Author Archives: Sharad Goel

Lectures 5 & 6: Networks

These two lectures introduced network theory, following the first part of “Networks, Crowds, and Markets” by Easley & Kleinberg. We discussed basic representations of relational data, basic algorithms for computations on graphs, and common features of real-world networks.

Slides are below. See “Predicting Individual Behavior with Social Networks “ and “The Structure of Online Diffusion Networks “ for more details of the case studies we covered, and the references that follow for information on using Pig and Amazon’s computing services.

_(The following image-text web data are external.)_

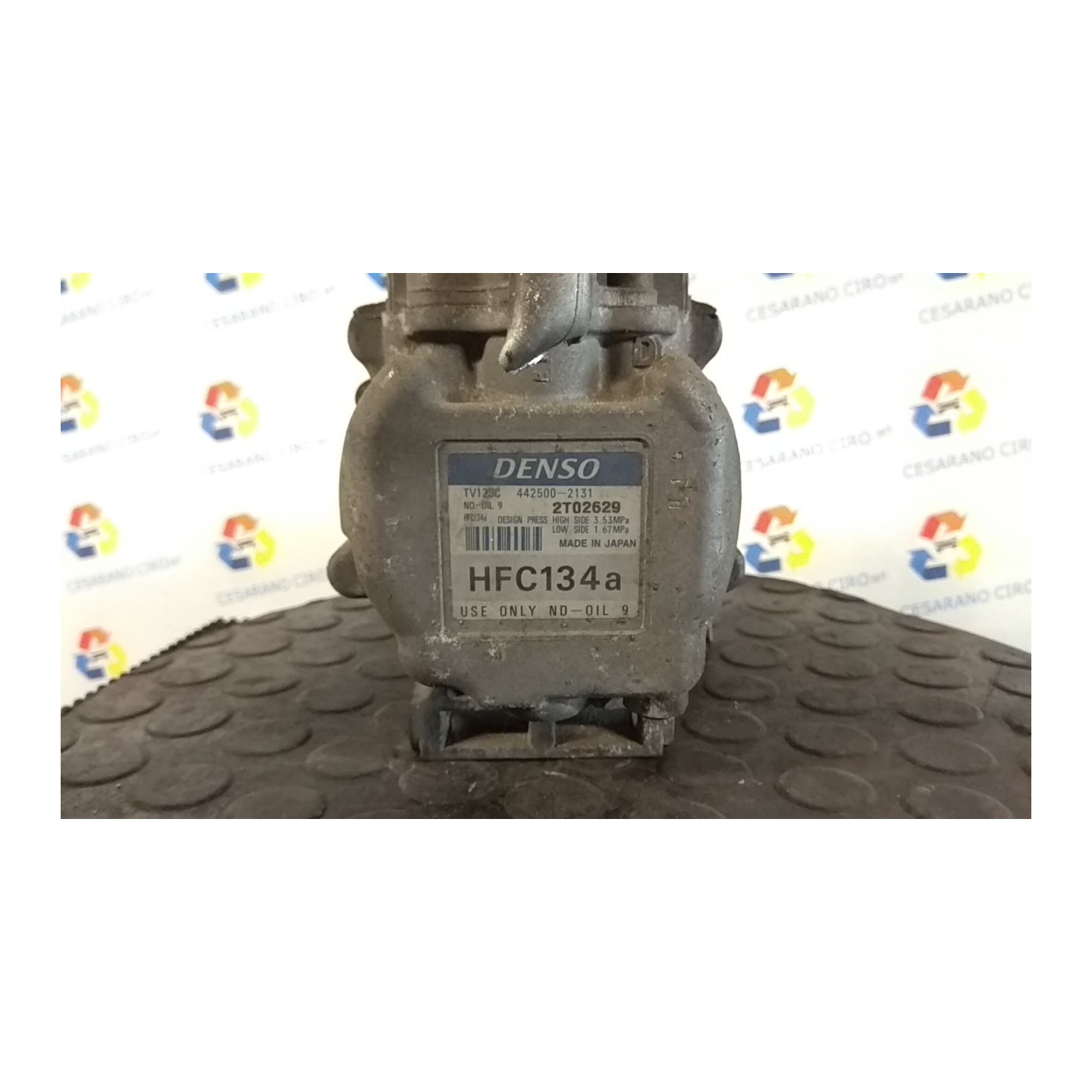 COMPRESSORE A/C 068 FIAT MAREA (06/96-03/99) 182A4000 46438576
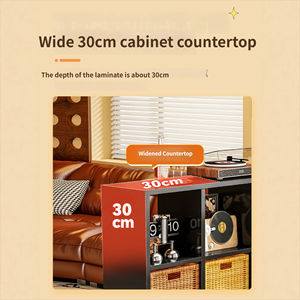 Étagère modulaire en acier personnalisée, armoire décorative, étagère intégrée pour le salon, le bureau, étagère ouverte, étagère de <span class=keywords><strong>rangement</strong></span>, présentoir - Product Image 5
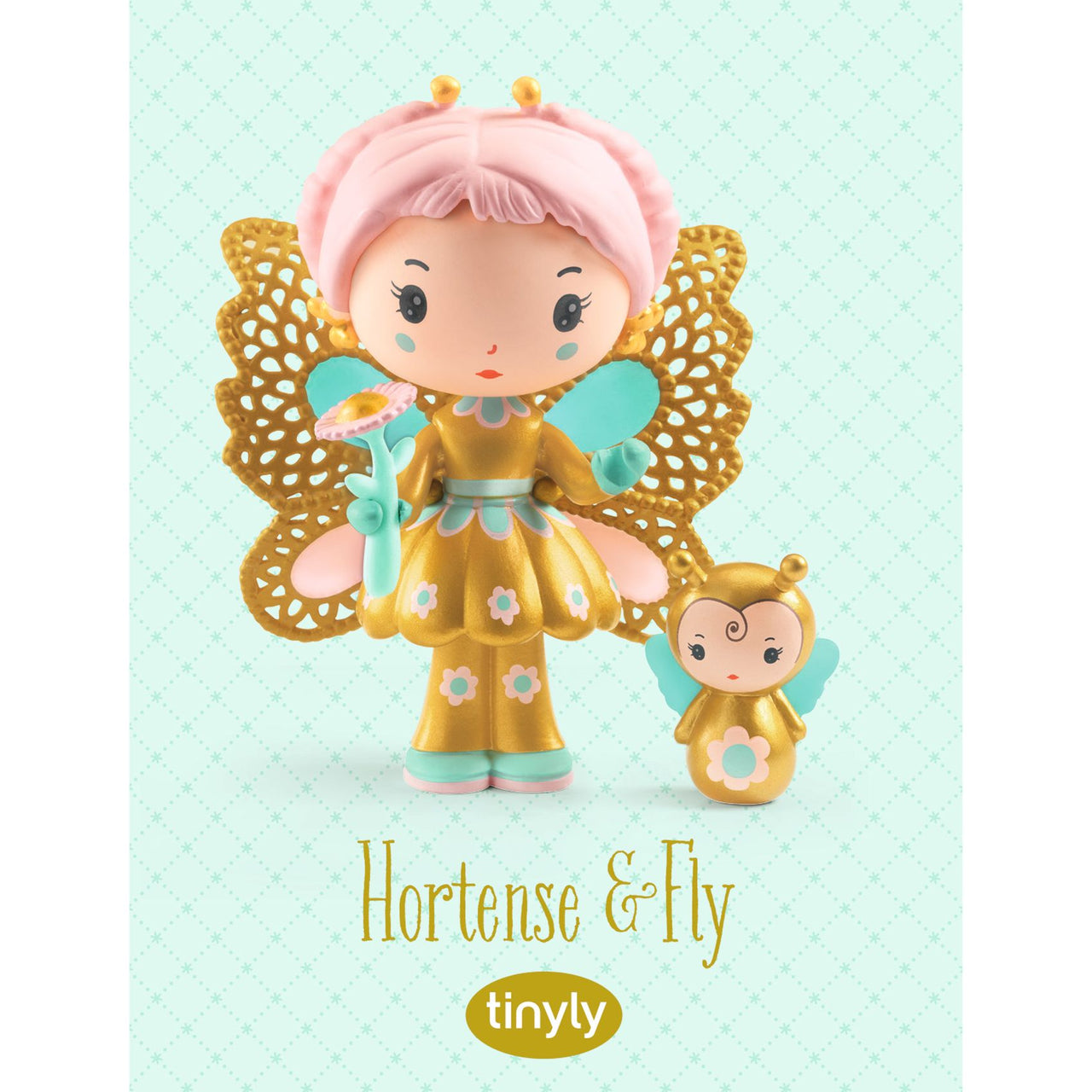 Djeco Tinyly Figurset Fjärilsälvan Hortense & Fly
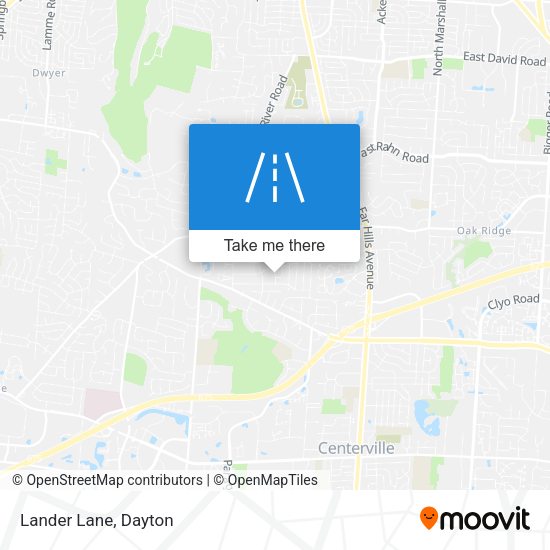 Mapa de Lander Lane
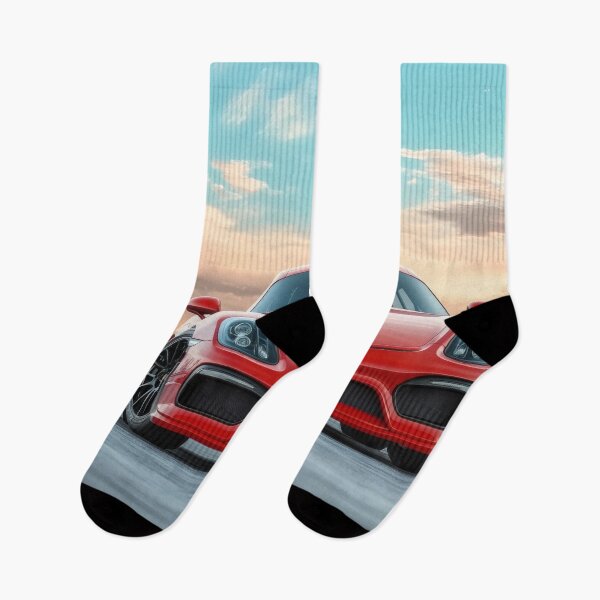 Item preview, Red Porsche 917 Cayman S – High-Performance Art VIII designed and sold by AutoPopStudio.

  • Hadoop is an open source framework for scalable storage and computing, including a distributed filesystem and scalable implementation of MapReduce.
  • Pig is a high-level language that converts sequences of common data analysis operations (e.g., group-bys, joins, etc.) to chains of MapReduce jobs and executes these either locally or across a Hadoop cluster.
  • Pig is easy to download and try on Linux, Mac OS X, or Windows (requires Java). See RELEASE_NOTES.txt for information on trying Pig in local mode.
  • The data types in Pig are slightly different than in most languages, including bags, tuples, and fields.
  • The diagnostic operators in Pig are useful for understanding code and debugging. In particular, the DUMP operator shows contents of relations and the ILLUSTRATE operator shows how relations are transformed through a Pig program.
  • Programming Pig is a freely available book with an accompanying GitHub page of examples.
  • In addition to running Hadoop and Pig locally, Amazon’s Elastic Compute Cloud (EC2) and Scalable Storage Service (S3) provide pay-per-use computation and storage that can be used to construct rentable clusters for large-scale data analysis.
  • Elastic MapReduce (EMR) facilitates this process, allowing one to easily submit MapReduce jobs without needing to configure low-level cluster details.
  • Amazon’s getting started guide walks through the details of creating an account and launching/logging into a simple Linux instance. Be sure to create a keypair for this last step with the AWS console. You can use the ssh command to log in to machines on Linux, Mac OS X, or in Cygwin on Windows; alternatively you can use the AWS console or Putty to access remote machines.
  • The process for running a Hadoop/Pig job is similar, using the EMR Console. You can alternatively select to run an interactive session and log into the cluster as opposed to submitting just a single job. More details on interactive sessions and individual job flows are available through Amazon’s tutorial articles.
  • Amazon also provides a number of public data sets for analysis on EMR, including a copy of the Common Crawl Corpus of several billion web pages.